You can check that there exists a potential function, $U$, such that $\mathbf{F} = -\nabla U $, since $\nabla \wedge \mathbf{F} = 0$ (then, $\mathbf{F}$ is known as a force field). You can also verify that $U$ is given by:
$$ U(x,y) =- \frac{x^2}{y},$$
which is continuous in its domain, which is the same as the domain of $\mathbf{F}$.

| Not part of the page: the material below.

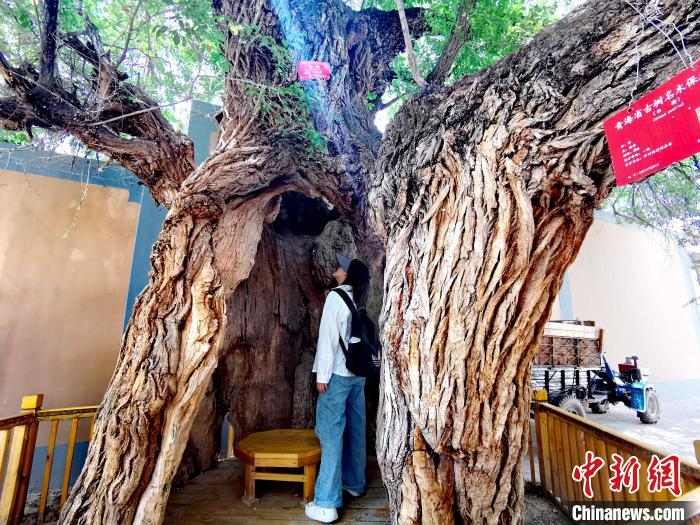 青海海東市阿河灘地質(zhì)文化村：古樹新枝、丹山碧水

Therefore, you can simply compute the work done by the (conservative) force $\mathbf{F}$ as the difference of potential between the two points $A(-1,1)$ and $B(3,2)$, that is to say:
$$\color{blue}{W_{A\to B} = U(A)-U(B)}$$
Hope this helps.
Cheers!
Some thoughts:
An example of such a force which is not defined somewhere would be the force created by a punctual mass $M$ actuating on a mass $m$, which is given by:
$$ \mathbf{F} = - G \frac{Mm}{|\mathbf{r}|^3} \mathbf{r}.$$
The gravitational potential, $\phi = G M m/|\mathbf{r}|^2$ is not defined at $(x,y,z) = (0,0,0)$ but we can still compute the work done by gravity when actuating along a certain path. We call this potential energy.